Fault Origin Model of Earthquakes, with Special Reference to the Tango Earthquake, 1927.

Abstract

Geodetic and seismological characteristics due to a fault movement have been studied on the basis of a simple model. It is intended to examine whether or not such a model is acceptable as a possible representation of earthquake origins. The model is proposed from the standpoint similar to that of REID's hypothesis and the sudden occurrence of a fracture fault in the upper part of the earth's crust is taken as the immediate cause of earthquake shocks as well as of crustal deformations.
First, we deal with statical deformation of the earth's crust caused by stress change (shear) on the fault plane, which is assumed to be developed from the surface vertically down to a certain depth. It has been found that by this model, the general decrease of horizontal displacement of triangulation points with distance from the fault is explained reasonably well. From the comparison of the theory with the observed geodetic data, probable conditions at the actual earthquake fault can be surmised. In the case of the Gomura fault (Tango earthquake), for instance, the depth (H) is estimated at 15km, while the stress change on the fault plane (Y_x)0 and the total amount of strain energy (Efault), at 3×10⁷c.g.s. and 4×10²²ergs, respectively (length of the fault being assumed to be 30km).
Discussion is also made about the characteristics of seismic waves which are generated by the supposed fault movement. The analysis based on a two-dimensional model has shown that the push-pull distribution of the initial P-wave is of the quadrant type, one of the nodal lines coinciding with the fault. The maximum of the spectral intensity (P-wave) falls on the component, whose wave-length (referred to S-wave) is approximately 1.2 times as large as the fault's length.

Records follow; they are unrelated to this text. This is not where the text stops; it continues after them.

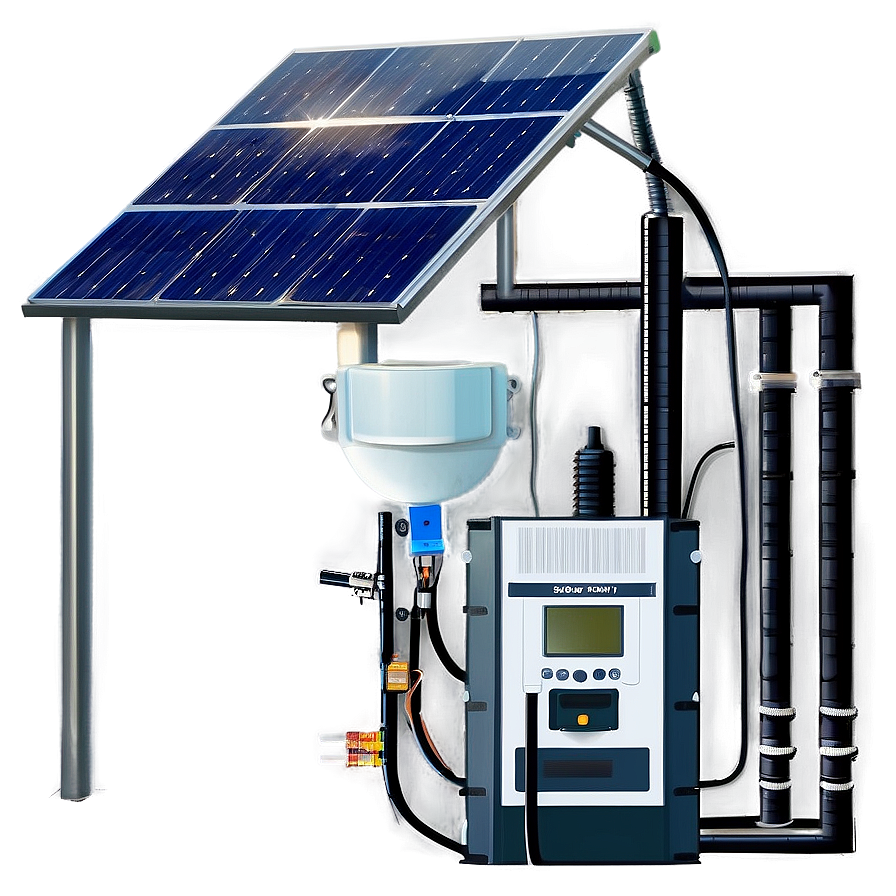 Off-grid Solar System Png Wfk PNG Image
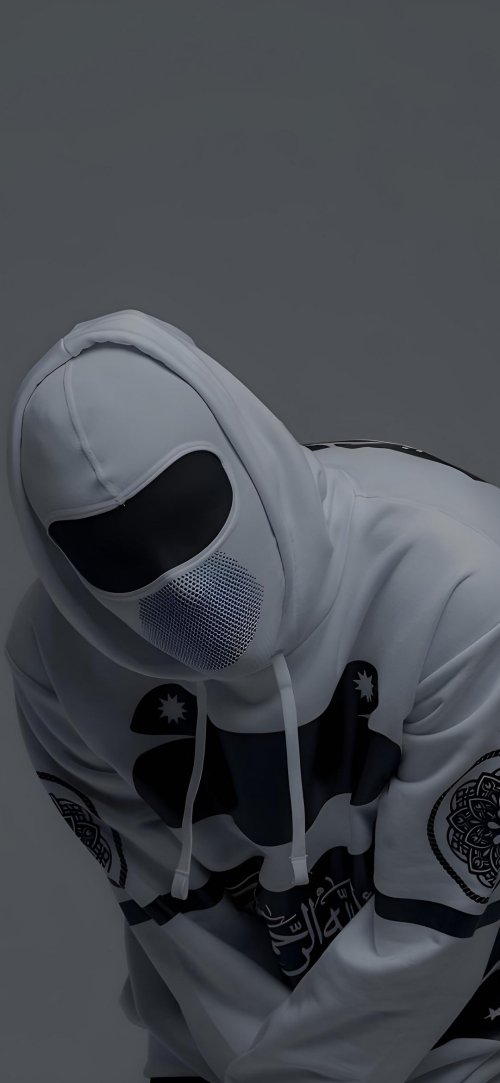 Mysterious Masked Figure - Related OpersCraft wallpaper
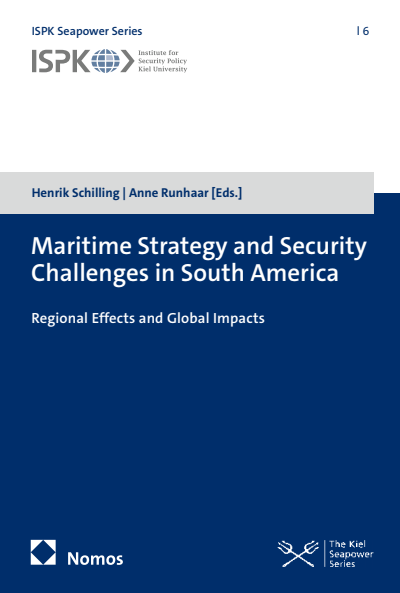 Cover of book: Maritime Strategy and Security Challenges in South America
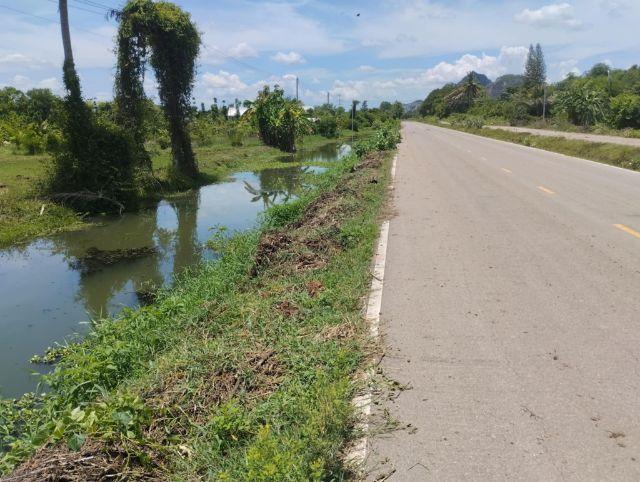 ขายที่ดิน ทำเลดี ติดถนน  ต.เกาะพลับพลา อ.เมือง  จ.ราชบุรี 2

These results also agree satisfactorily well with the observed seismological data. The deduced conditions at the fault are also acceptable judging from the mechanical strength of the crust which is already known. The model adopted here affording satisfactory explanations of various aspects of the Tango earthquake, we might say that the physical conditions at the seismic origin do not differ much from those of the model. Possibility of applying the similar model to other cases is also discussed.